Group turnover for the period decreased by 24% to $43.3 million, including hedge settlements of $12.2 million (income)compared to H1 2008 turnover of $56.7 million (net of $14.6 million expense for hedges). The proportion of Group turnover arising from Chinguetti increased from 19% in H1 2008 to 38% in H1 2009.
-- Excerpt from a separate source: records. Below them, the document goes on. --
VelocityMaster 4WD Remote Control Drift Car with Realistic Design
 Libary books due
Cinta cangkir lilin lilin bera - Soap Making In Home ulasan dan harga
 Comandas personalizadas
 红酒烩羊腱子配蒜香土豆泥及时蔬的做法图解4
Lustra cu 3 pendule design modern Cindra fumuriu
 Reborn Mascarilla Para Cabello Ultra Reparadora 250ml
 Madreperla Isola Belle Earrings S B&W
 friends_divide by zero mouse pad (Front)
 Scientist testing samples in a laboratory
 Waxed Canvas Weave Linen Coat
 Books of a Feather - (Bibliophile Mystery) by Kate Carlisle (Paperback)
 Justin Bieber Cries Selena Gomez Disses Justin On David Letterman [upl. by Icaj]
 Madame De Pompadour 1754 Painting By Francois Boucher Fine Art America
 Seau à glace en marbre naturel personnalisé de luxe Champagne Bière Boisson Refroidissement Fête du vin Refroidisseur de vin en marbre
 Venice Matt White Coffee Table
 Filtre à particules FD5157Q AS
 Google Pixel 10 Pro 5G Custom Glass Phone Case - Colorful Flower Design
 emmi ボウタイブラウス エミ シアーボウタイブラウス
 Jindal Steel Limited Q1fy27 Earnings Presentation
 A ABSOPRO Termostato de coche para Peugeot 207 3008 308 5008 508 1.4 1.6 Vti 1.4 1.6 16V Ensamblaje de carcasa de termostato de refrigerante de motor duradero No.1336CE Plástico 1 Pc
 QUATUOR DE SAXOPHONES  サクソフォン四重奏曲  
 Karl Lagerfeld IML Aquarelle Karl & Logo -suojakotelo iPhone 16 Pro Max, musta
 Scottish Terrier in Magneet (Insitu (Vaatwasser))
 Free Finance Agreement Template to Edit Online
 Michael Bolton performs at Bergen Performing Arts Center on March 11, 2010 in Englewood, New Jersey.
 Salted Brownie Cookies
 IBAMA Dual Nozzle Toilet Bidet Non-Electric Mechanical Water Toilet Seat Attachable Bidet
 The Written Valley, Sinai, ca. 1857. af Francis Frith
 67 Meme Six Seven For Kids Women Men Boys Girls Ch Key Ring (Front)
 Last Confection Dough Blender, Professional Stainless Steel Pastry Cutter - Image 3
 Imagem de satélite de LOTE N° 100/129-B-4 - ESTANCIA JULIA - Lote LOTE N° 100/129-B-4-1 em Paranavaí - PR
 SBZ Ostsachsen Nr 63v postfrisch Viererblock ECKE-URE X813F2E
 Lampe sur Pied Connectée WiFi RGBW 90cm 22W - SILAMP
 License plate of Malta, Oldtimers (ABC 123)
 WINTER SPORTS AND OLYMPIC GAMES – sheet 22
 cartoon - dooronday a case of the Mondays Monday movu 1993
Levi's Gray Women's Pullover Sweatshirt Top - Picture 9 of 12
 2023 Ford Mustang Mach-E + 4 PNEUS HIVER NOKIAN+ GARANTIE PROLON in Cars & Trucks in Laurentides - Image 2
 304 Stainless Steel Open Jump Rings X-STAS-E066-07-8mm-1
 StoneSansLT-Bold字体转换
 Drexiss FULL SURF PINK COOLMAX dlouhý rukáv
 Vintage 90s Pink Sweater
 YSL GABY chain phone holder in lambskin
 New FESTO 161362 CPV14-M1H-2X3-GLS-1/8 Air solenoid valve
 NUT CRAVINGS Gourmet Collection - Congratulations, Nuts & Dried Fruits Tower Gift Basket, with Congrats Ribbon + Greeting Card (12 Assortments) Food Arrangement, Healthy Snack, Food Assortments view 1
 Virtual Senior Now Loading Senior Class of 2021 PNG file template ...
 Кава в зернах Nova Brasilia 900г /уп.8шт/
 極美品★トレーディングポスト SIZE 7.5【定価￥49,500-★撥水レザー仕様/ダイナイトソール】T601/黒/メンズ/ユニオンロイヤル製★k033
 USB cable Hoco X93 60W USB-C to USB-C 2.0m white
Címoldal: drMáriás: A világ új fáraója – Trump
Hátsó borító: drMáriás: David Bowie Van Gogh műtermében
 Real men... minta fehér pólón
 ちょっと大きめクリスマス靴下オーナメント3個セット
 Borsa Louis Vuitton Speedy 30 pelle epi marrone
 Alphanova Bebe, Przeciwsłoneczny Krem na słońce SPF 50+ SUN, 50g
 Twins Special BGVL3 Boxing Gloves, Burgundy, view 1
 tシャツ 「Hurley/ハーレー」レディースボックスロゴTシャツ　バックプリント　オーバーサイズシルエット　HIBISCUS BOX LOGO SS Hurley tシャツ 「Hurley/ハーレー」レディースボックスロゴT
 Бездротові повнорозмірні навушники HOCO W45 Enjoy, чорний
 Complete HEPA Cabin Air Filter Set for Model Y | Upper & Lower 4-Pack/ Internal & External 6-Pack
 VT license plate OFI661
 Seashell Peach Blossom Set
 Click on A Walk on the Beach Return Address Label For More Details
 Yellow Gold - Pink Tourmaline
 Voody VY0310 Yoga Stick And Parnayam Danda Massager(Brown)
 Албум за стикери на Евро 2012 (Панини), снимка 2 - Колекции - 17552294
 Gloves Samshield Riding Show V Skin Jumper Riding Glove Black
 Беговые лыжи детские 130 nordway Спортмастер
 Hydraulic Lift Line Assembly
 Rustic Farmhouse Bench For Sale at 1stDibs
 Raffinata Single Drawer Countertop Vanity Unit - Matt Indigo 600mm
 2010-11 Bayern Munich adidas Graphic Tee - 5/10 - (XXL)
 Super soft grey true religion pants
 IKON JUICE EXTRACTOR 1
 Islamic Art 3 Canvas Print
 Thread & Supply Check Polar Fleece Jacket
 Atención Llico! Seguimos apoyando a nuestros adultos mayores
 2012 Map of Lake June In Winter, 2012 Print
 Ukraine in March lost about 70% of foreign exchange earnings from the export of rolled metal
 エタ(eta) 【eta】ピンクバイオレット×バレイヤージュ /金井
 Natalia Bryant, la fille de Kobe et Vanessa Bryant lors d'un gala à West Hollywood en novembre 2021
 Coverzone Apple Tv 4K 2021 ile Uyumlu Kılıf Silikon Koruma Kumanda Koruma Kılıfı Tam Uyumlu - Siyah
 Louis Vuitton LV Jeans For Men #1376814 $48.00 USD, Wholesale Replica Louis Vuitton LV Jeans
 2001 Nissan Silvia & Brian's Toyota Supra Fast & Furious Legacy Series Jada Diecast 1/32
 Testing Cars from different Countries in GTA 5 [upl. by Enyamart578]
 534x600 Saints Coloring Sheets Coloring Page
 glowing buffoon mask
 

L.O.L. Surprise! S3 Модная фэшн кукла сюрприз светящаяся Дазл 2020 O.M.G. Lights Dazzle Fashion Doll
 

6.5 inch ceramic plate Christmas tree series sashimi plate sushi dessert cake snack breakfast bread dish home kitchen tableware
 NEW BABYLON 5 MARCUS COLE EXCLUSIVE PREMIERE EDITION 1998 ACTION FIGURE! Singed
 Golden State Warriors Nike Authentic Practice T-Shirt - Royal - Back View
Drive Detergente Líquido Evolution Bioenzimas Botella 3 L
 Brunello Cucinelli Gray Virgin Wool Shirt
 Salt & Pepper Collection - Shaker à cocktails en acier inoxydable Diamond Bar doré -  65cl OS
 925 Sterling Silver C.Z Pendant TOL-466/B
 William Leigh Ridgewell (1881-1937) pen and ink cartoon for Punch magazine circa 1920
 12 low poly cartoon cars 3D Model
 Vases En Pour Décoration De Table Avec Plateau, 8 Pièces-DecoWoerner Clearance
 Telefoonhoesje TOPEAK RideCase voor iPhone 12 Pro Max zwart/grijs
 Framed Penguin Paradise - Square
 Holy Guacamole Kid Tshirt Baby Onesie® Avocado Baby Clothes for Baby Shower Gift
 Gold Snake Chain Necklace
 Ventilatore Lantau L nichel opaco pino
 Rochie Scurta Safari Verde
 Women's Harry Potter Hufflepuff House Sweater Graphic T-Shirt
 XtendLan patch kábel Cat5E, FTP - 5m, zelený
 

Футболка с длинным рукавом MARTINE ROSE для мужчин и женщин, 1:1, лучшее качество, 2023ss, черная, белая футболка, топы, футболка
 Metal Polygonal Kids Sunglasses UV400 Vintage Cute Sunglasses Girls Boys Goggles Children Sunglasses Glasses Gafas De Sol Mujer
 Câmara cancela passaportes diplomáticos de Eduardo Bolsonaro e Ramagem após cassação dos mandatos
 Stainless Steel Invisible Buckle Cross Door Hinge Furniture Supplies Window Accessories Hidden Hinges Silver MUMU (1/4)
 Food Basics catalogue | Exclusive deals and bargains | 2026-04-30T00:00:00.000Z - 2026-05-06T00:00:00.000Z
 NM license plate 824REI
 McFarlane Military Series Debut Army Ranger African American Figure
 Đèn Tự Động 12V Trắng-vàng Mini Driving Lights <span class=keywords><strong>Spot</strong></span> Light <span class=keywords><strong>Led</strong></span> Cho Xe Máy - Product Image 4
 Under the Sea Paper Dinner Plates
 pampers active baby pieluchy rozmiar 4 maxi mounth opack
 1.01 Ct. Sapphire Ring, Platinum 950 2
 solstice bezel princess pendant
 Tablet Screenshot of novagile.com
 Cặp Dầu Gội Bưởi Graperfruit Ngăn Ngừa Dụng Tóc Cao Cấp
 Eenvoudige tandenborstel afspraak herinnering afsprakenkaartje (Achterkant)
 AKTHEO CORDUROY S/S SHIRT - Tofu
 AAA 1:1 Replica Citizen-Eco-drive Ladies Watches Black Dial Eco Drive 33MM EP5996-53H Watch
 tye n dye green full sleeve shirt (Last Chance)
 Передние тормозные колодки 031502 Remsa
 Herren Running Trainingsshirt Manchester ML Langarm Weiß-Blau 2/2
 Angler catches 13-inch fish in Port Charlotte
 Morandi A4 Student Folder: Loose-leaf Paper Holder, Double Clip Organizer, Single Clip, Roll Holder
Cost of sales decreased from $45.3 million in H1 2008 to $36.5 million in H1 2009. Chinguetti cost of sales (including depletion) decreased to $57.7/bbl (H1 2008: $69.2/bbl) predominantly as a result of lower depletion costs which decreased to $24.8/bbl (H1 2008: $43.5/bbl) This fall was mainly as a result of non-cash impairments in 2008 which reduced the carrying value of the Chinguetti field. USA cost of sales (including depletion) decreased to $6.71/mcfge (H1 2008: $7.10/mcfgewhich is a result of lower production taxes

Operating loss $42.2 million after $40.6 million non-cash impairments

The operating loss for H1 2009 was $42.2 million (H1 2008loss $27.1 million) after net non-cash pre-tax impairment charges of $40.6 million (comprised of $62.1 million impairment of oil and gas assets, and $21.5 million reversal of previous period oil and gas impairments). Due to the deferred tax credit of $11.3 million relating to the impairment, the post tax impairment charge was $29.3 million. Adjusting for these impairment charges gives an adjusted operating loss of $1.6 million.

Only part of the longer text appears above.